Visible (top) and thermal (bottom) images of Porcelain Basin
Visible (top) and thermal (bottom) images of Porcelain Basin looking to the north from the old roadbed.  Nuphar Lake is off the photograph to the right.  Cool-water seeps into Porcelain Basin are clearly evident in the thermal image and appear to flow underground from Nuphar Lake.  USGS photos by Mike Poland, July 1, 2023.

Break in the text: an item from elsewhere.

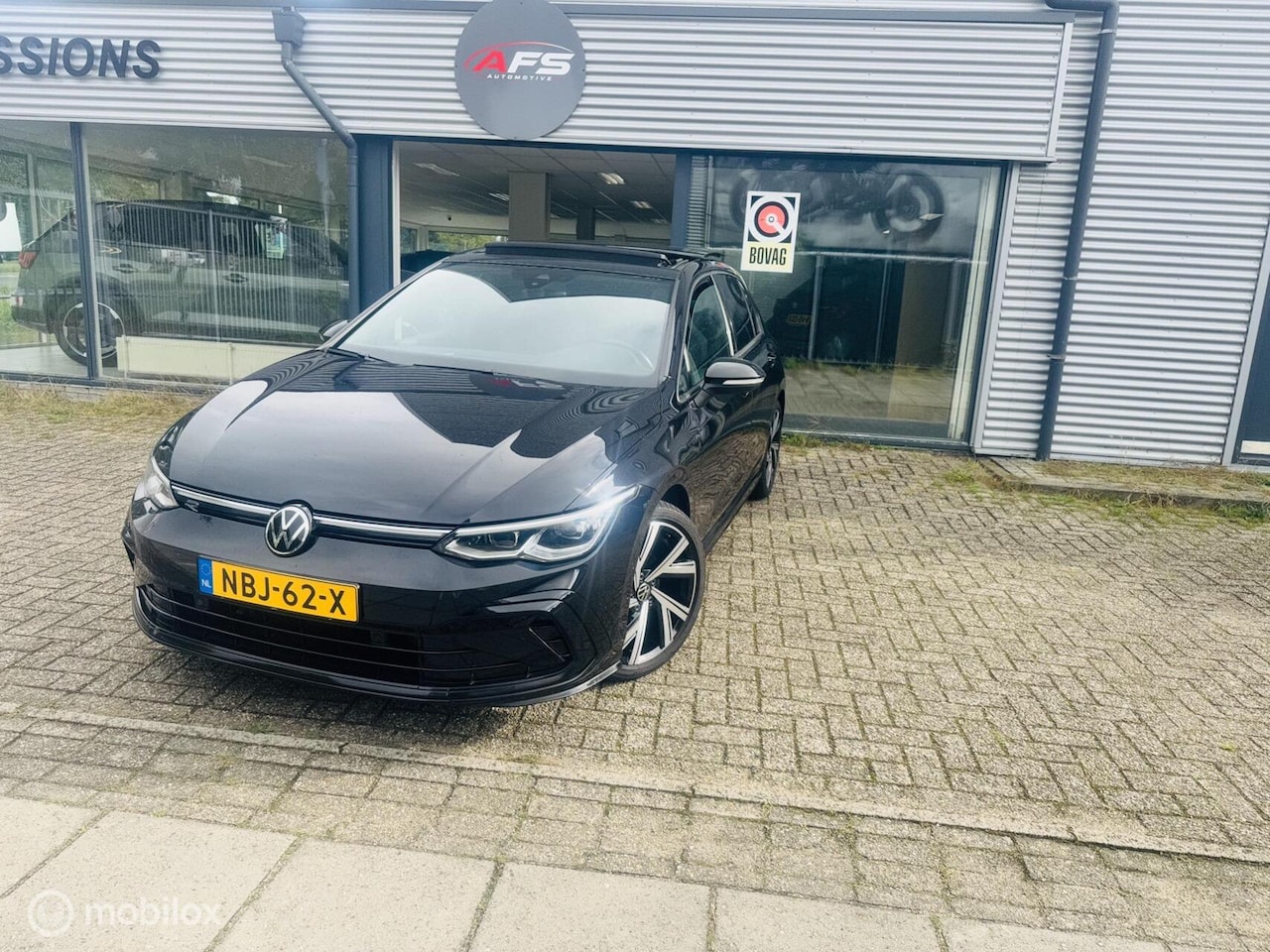 Volkswagen Golf - 1.5 eTSI R-Line / PANO/CAM/CARPLAY/ACC - AutoWereld.nl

The recent change in thermal water runoff has killed many of the trees between Nuphar Lake and Porcelain Basin in the past few years and altered the lake’s color—changes that are easily seen in satellite imagery.  And in the winter months of 2022 and 2023, the northern part of the lake remained ice free, which is clear evidence of thermal input from nearby hot springs.

In addition to the rising lake level, water also seeps under the old road bed, flowing underground from Nuphar Lake into Porcelain Basin.  This lake water is indicated by green moss-like vegetation that is growing in the seeps, and it also appears cooler than the surroundings in thermal imagery.  Similar seeps have been documented repeatedly in this area.  For example, in the 1990s there was so much water flowing into Porcelain Basin that it drowned many of the adjacent thermal features.  Incline Geyser, a powerful geyser on the floor of Porcelain Basin that was last active in the early 1990s, has occasionally served as a drain for some of this water.

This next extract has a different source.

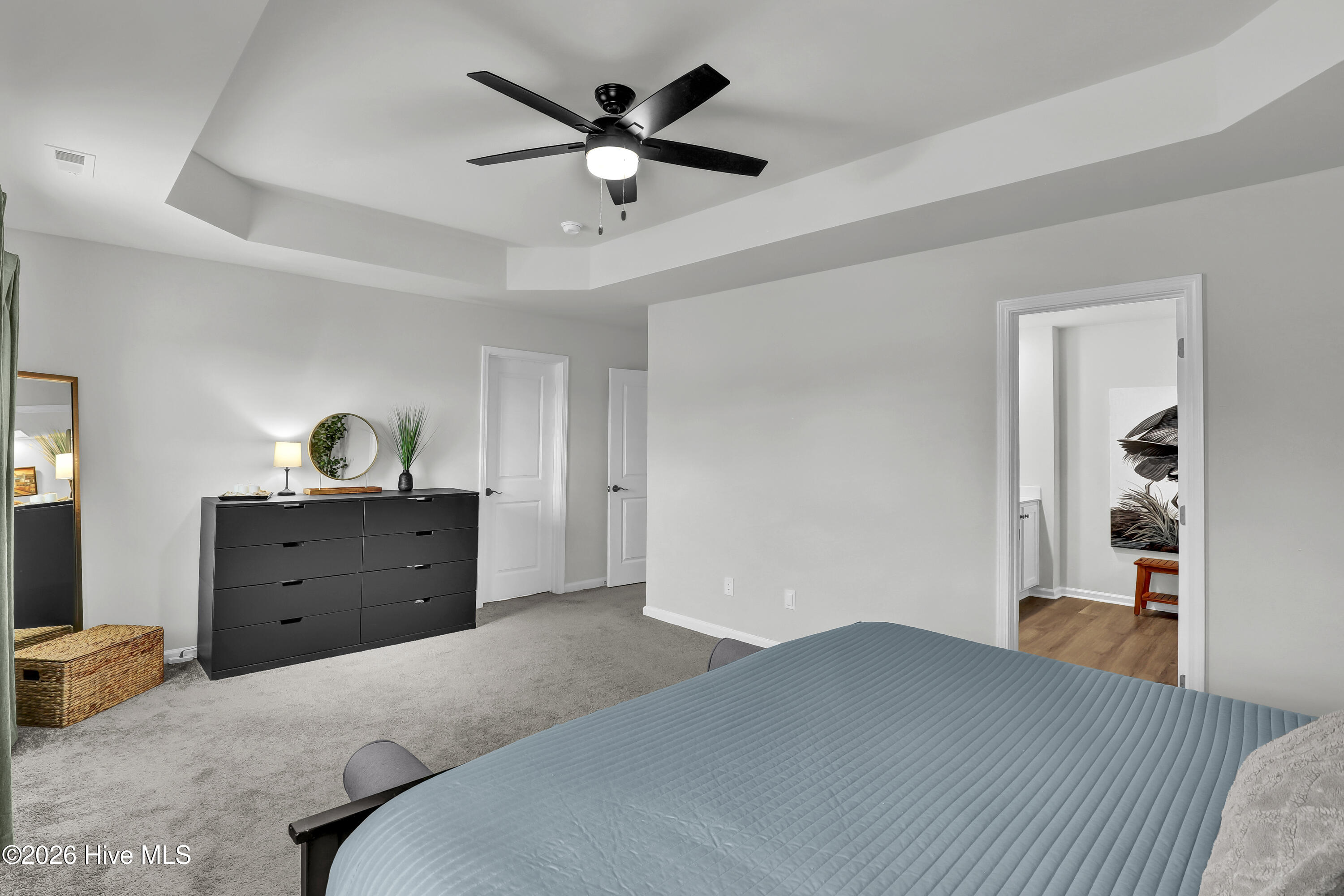 100554591 | Photo 29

The seeps are most vigorous in the spring and early summer, when groundwater and lake levels are high, and less active in the late summer and fall.

Will there be any consequences of this input of thermal water into Nuphar Lake?  It is possible that the lake will overflow its banks, adding cooler water to Porcelain Basin and quenching, at least temporarily, some of the thermal features in that area.  We probably won’t see any changes like that in the remainder of 2023 because water levels have historically decreased as the summer progresses.  Such changes remain possible, however, in spring or early summer of 2024, when the lake and groundwater levels will be highest owing to seasonal snowmelt.

It is also possible that the outflow from the hot springs feeding Nuphar Lake will change course once more, sending thermal water back into Porcelain Basin and returning the lake to lower levels and its usual deep green hue.

The recent changes at Nuphar Lake are yet another example of the dynamic nature of Yellowstone’s hydrothermal system, like the recent May-June thermal activity near Old Faithful and well-documented seasonal changes in chemical composition and pH of features at Norris Geyser Basin.  The one constant in Yellowstone’s geyser basins is change!

(Acknowledgement: Special thanks to M.A. Bellingham for her help in researching previous changes at Nuphar Lake noted in Yellowstone National Park and Geyser Observation and Study Association logs and notes, and for sharing her own observations of changes in the area over the past decade.)